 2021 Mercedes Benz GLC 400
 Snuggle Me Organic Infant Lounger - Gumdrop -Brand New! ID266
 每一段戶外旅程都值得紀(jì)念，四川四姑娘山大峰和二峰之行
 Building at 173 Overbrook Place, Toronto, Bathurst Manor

---

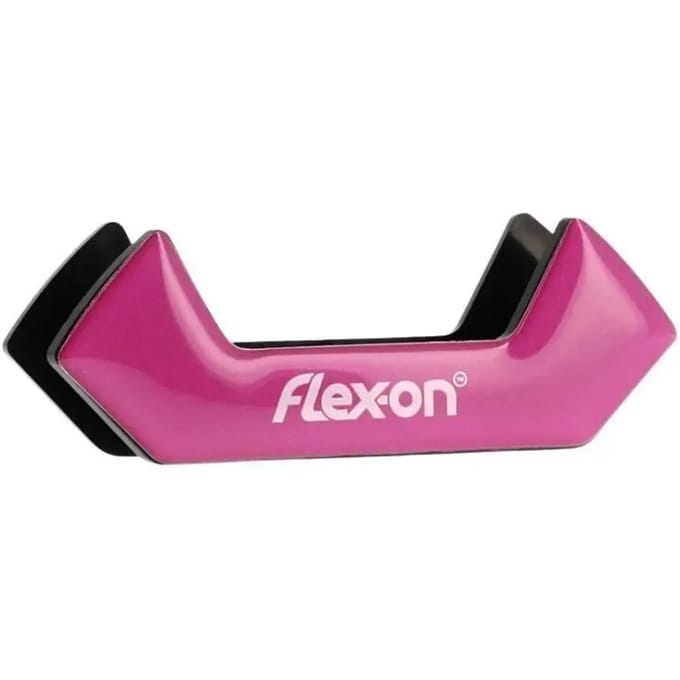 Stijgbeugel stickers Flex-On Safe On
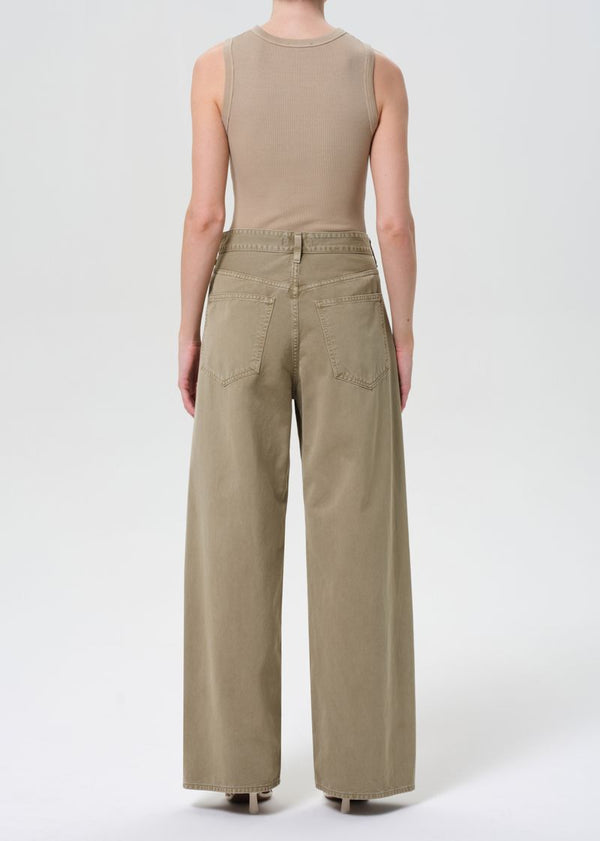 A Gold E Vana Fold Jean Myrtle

# [EXERCISE DIRECTIONS]
Look above for the line holding "2021 Mercedes Benz GLC 400". Print it and every line after it, exactly, through the line holding "Building at 173".

# [ANSWER]
 2021 Mercedes Benz GLC 400
 Snuggle Me Organic Infant Lounger - Gumdrop -Brand New! ID266
 每一段戶外旅程都值得紀(jì)念，四川四姑娘山大峰和二峰之行
 Building at 173 Overbrook Place, Toronto, Bathurst Manor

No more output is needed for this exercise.